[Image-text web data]
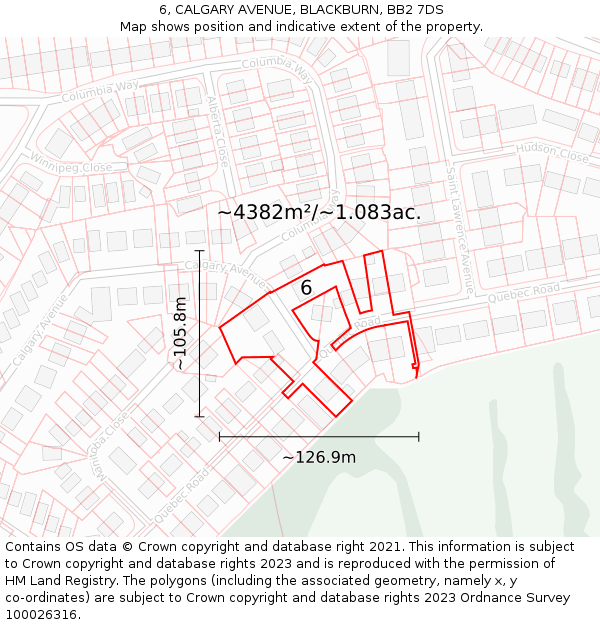 6, CALGARY AVENUE, BLACKBURN, BB2 7DS: Plot and title map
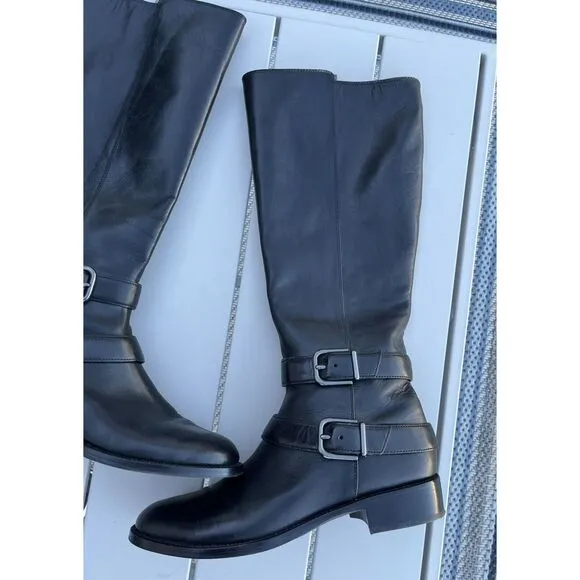 Via Spiga Double Buckle Leather Riding Boots - Size 10- Black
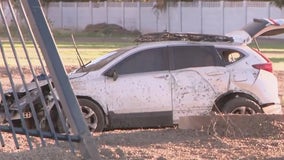 Driver crashes through fence near Glendale school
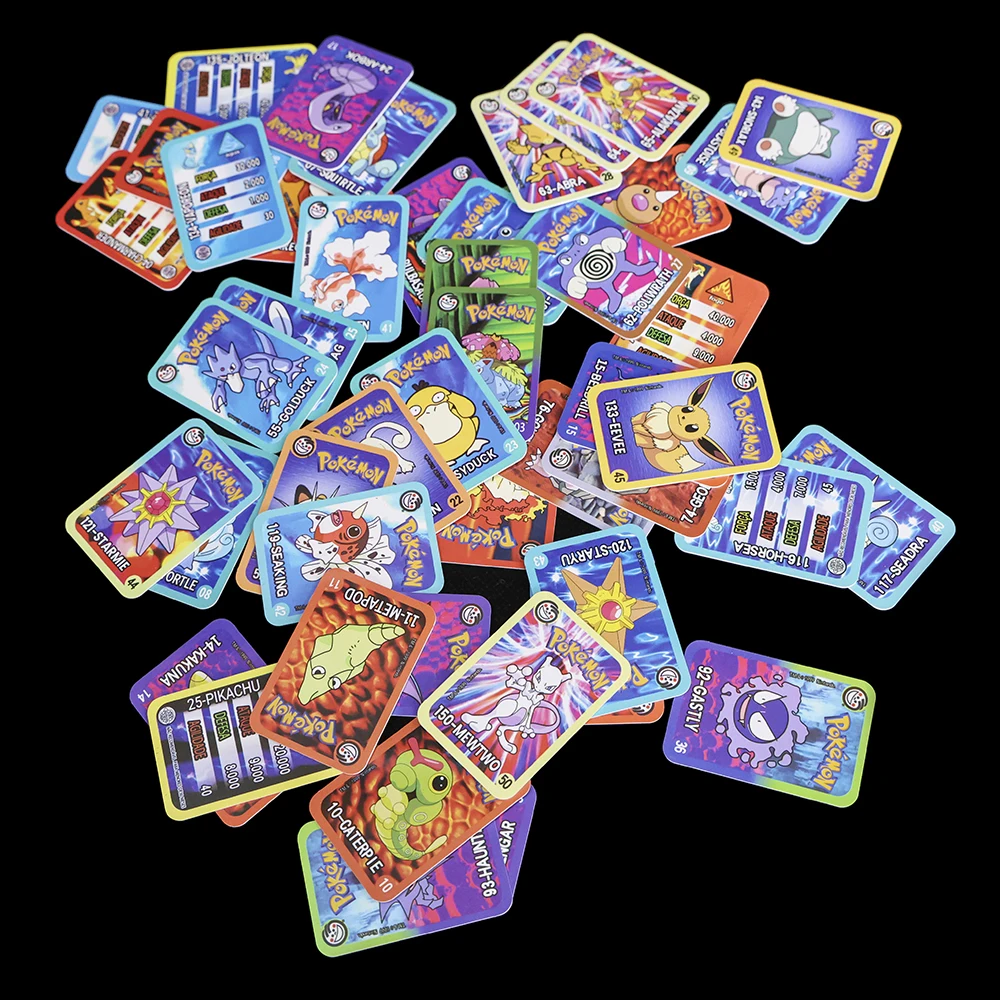 Lote De Tazos Pokemon Collection Elma Chips Cards 90s Complete Version 50Pcs Full Set Retangular Childhood Collect Tasos Gift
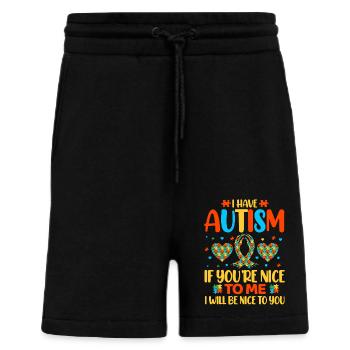 Autism Autistic - Shorts - made by SPREAD - SOLID BLACK - Front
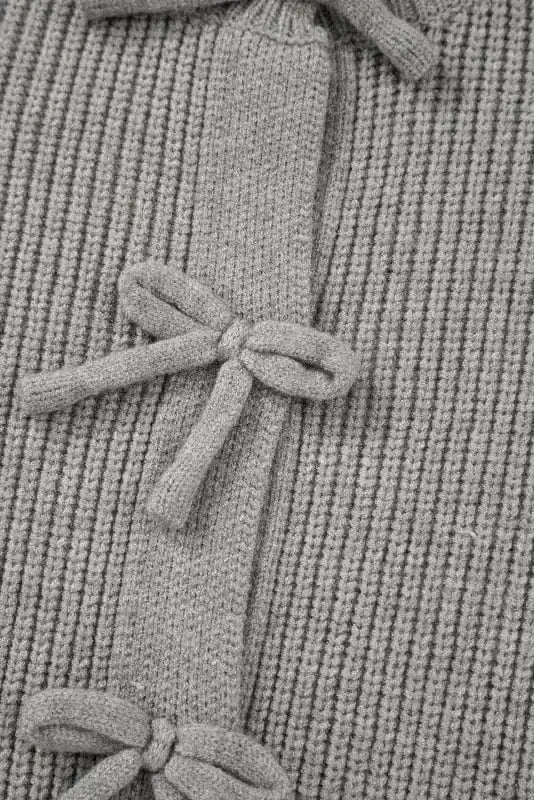 Cardigans Bow Buttons Cardigan - Grey Ribbed Knit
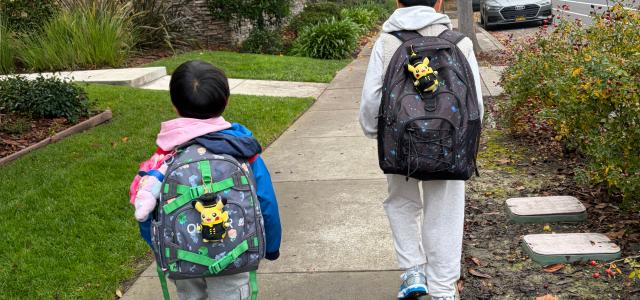Two youngsters walking away from the camera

# Task statement:
Your answer must contain the full data, repeated exactly, without pictures.

# Written solution:
 6, CALGARY AVENUE, BLACKBURN, BB2 7DS: Plot and title map
 Via Spiga Double Buckle Leather Riding Boots - Size 10- Black
 Driver crashes through fence near Glendale school
 Lote De Tazos Pokemon Collection Elma Chips Cards 90s Complete Version 50Pcs Full Set Retangular Childhood Collect Tasos Gift
 Autism Autistic - Shorts - made by SPREAD - SOLID BLACK - Front
 Cardigans Bow Buttons Cardigan - Grey Ribbed Knit
Two youngsters walking away from the camera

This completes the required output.